The Retirement Commission, Te Ara Ahunga Ora recently released a paper providing a simple description of New Zealand Superannuation to aid discussion of NZ Super. Details are reprinted below.
SUMMARY
The paper aims to provide a simple description of New Zealand Superannuation [NZ Super] for the purposes of understanding the policy situation. It aids well-informed discussion of NZ Super by outlining the details of the policy, especially as there are a variety of superannuation systems around the world, and ours has some unique features.
KEY POINTS
- Under the OECD’s classifications of retirement income schemes, which is based on the objectives they aim to achieve, NZ Super is a tier 1 scheme and it has served well to prevent pension poverty.
- NZ Super is designed relatively simply with broad eligibility and administrative simplicity. It does not impact labour market participation.
- NZ Super has been present since 1938 and no political party is suggesting removing it. There is no definitive reason why it will not be in place for future generations.
- As of June 2021, there are 837,549 superannuitants, with females making up 53.5% and males 46.5%. Māori only make up 5.9% and Pacific Peoples 2.6%, whereas NZ European account for 62.4% of superannuitants.
- Government gross expenditure on NZ Super for 2020/21 is $16.58 billion – 5% GDP.
- As our population ages, the percentage of GDP represented by the expenditure on NZ Super will increase, but will be offset by drawdowns from the NZ Super Fund. This will provide a smoothed PAYG financing model for NZ Super.
- Other options, such as increasing GDP, borrowing, or expanding the tax base (by taxing capital or wealth), are also available to assist in the financing of NZ Super. Any of these options would also help address other rising expenditure, such as healthcare.
MAIN MESSAGE
NZ Super is a foundational part of the retirement income framework in Aotearoa New Zealand but demographic and economic changes have implications for the policy.
There will be more superannuitants in future years, as we have an ageing population, and superannuitants will face different costs in retirement. For some these costs will include rent, as home ownership rates have fallen, and others will still be paying off their mortgages.

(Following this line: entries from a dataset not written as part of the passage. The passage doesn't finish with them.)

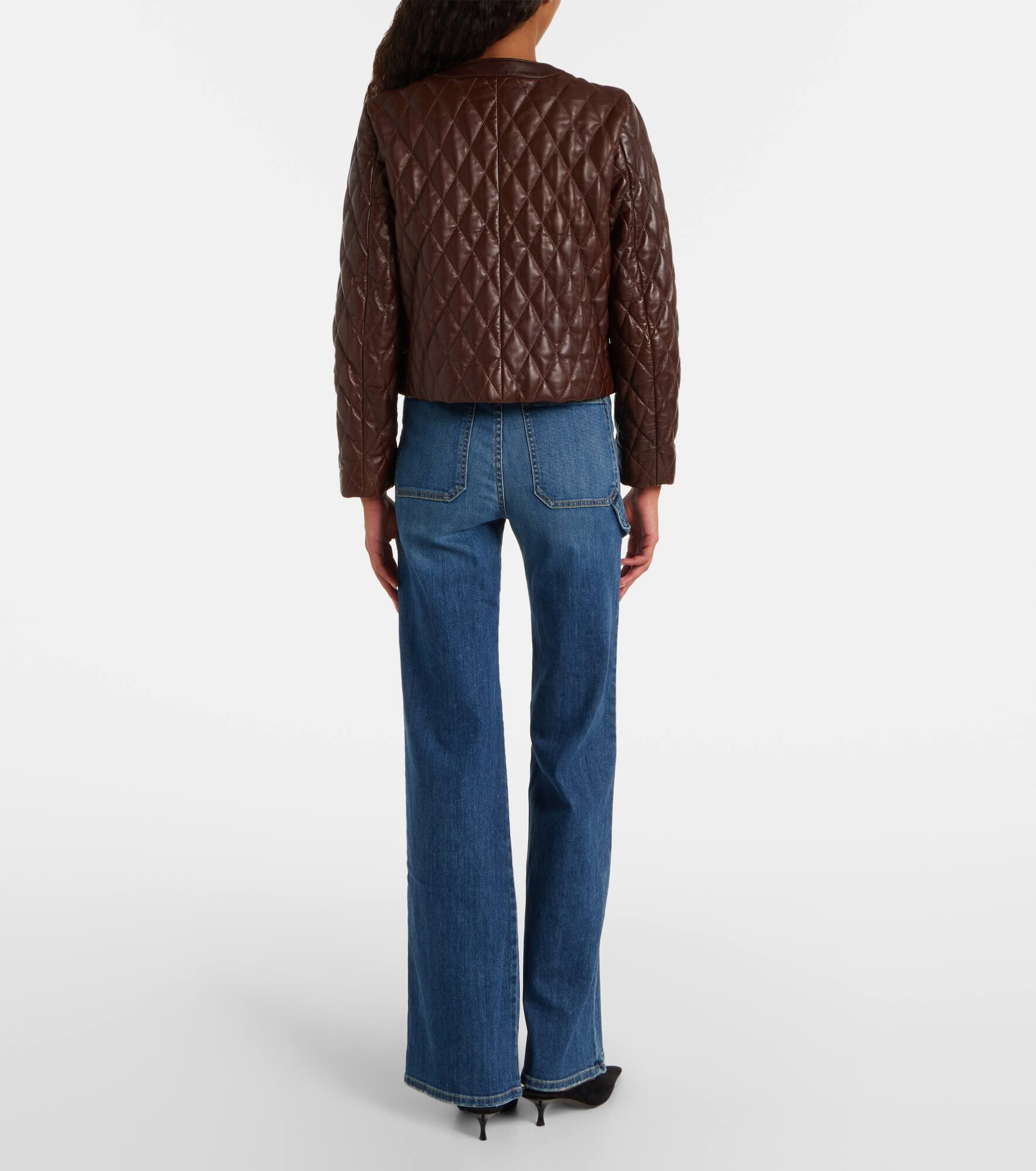 Amy cropped quilted leather jacket - 3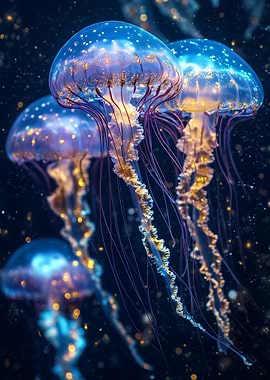 Glowing Jellyfish in Deep Blue Sea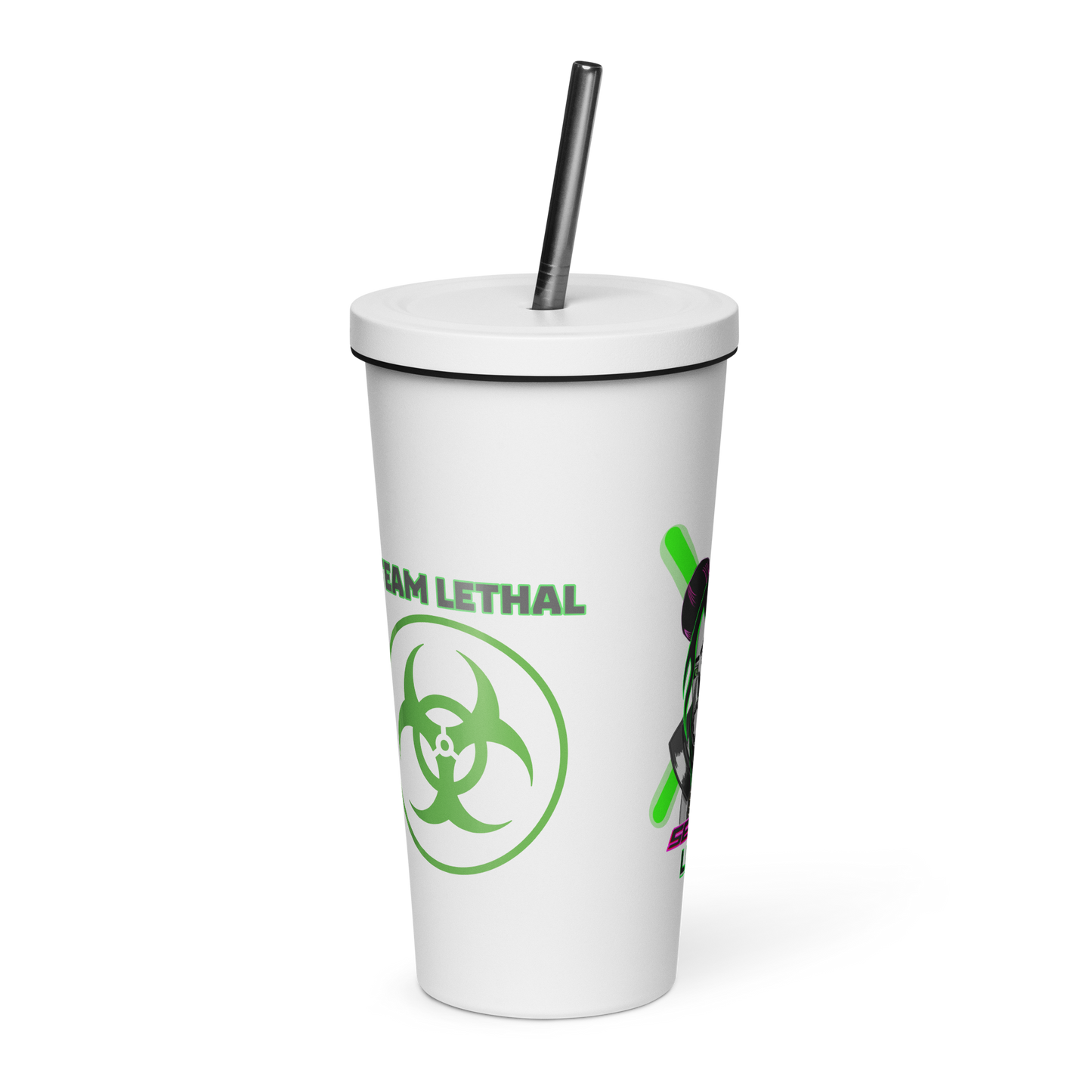 'Team Lethal' Original Secret Level Design Insulated tumbler with a straw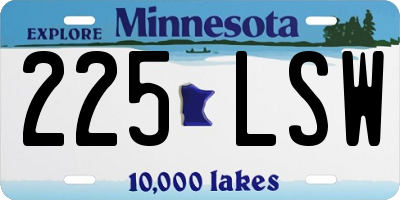 MN license plate 225LSW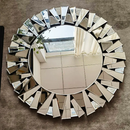 Axyaa 79cm Round Beveled Frame Wall Mirror Home Art Decor for Bathroom Bedroom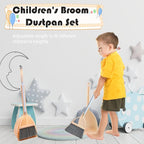 Mini Broom with Dustpan for Kids,Little Housekeeping Helper Set (White+Sky Blue)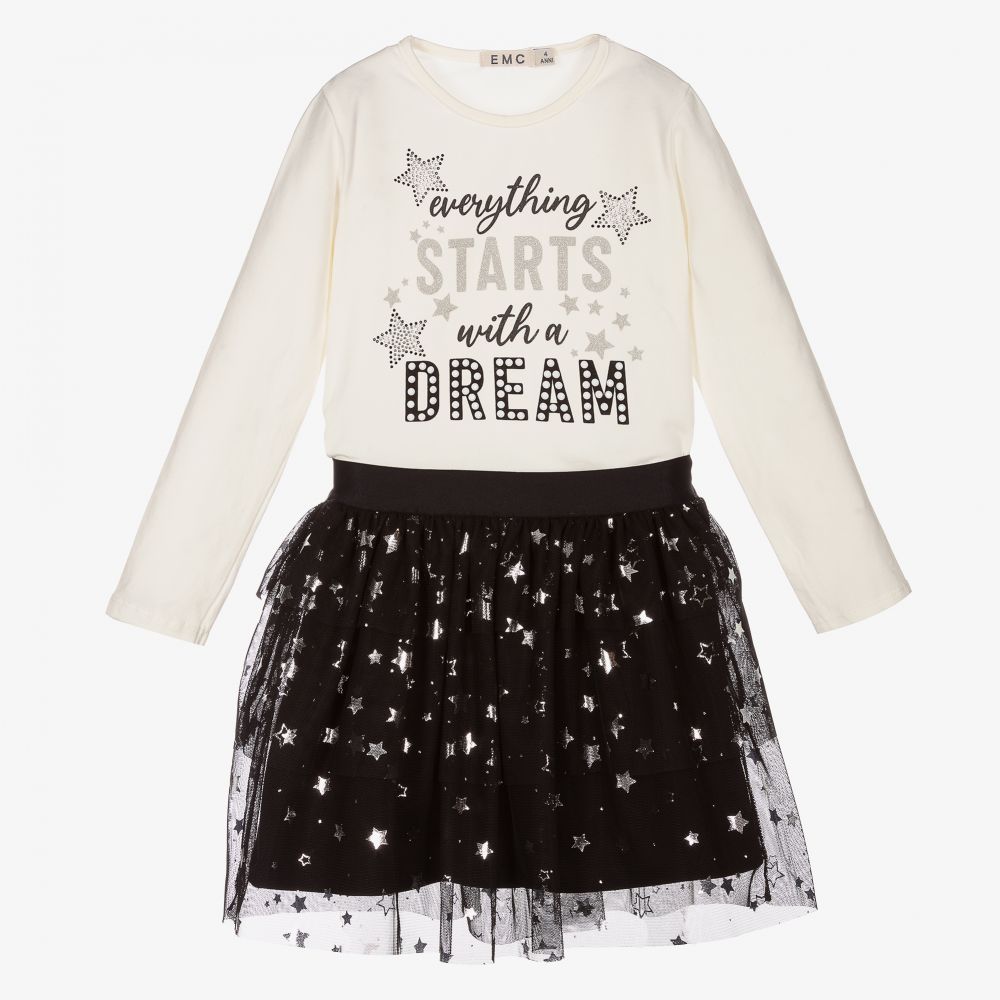 Everything Must Change - Ivory & Black Stars Skirt Set | Childrensalon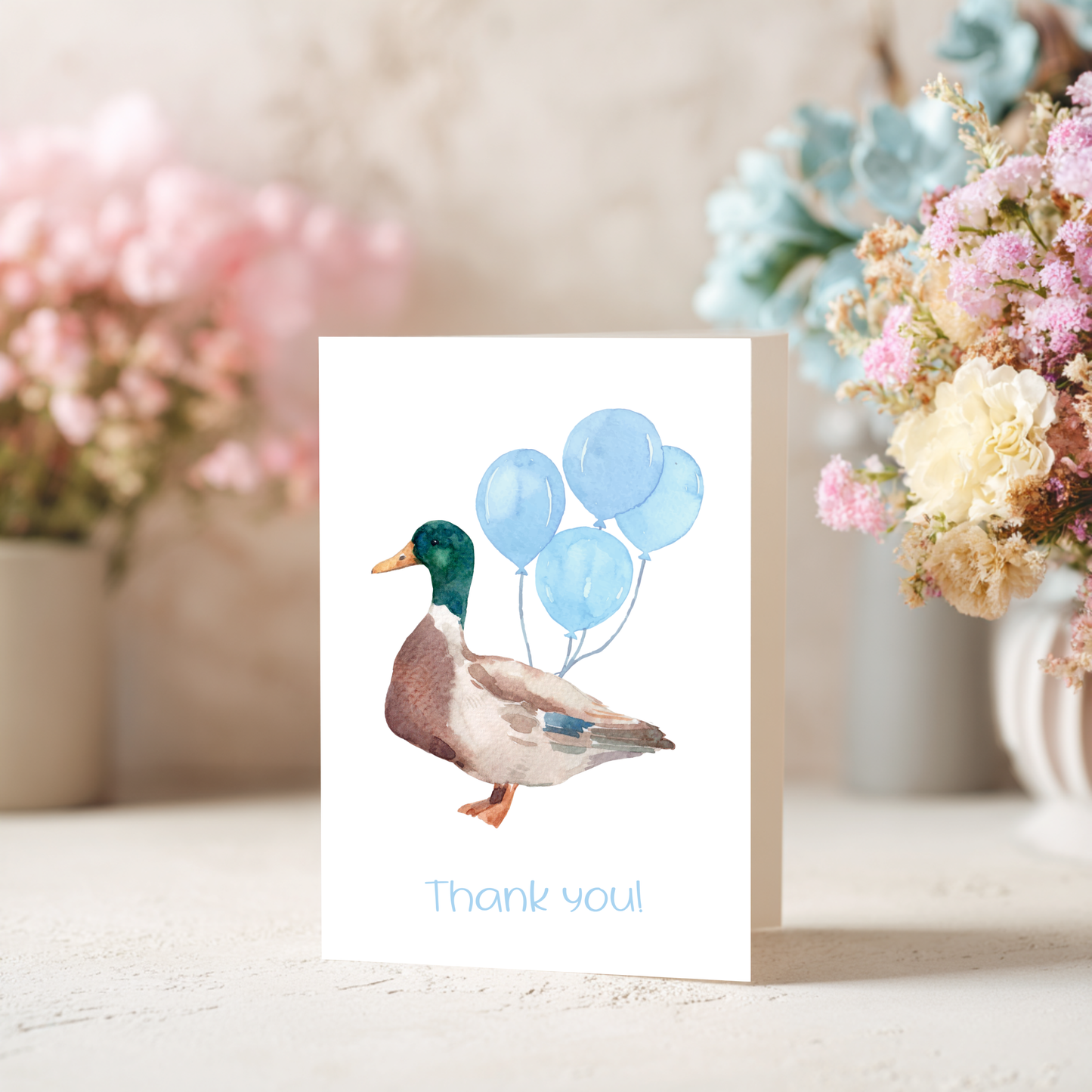 Mallard Thank You Card – Illustrated Watercolor Duck Mallard by The Saltwater Press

Whether NZ Super will continue to provide poverty alleviation for future superannuitants is uncertain but appears to be at risk. In addition, the expenditure on NZ Super will increase, and this has led to discussion of raising the age of eligibility or means-testing.
However, reduced access to NZ Super could simply result in government expenditure in other areas, or tax planning practises.
Further, any changes to retirement policy should always be based on a principled approach, and signalled well in advance, so that people have time to plan. They should also be considered in terms of the Crown’s obligations to Māori under Te Tiriti o Waitangi.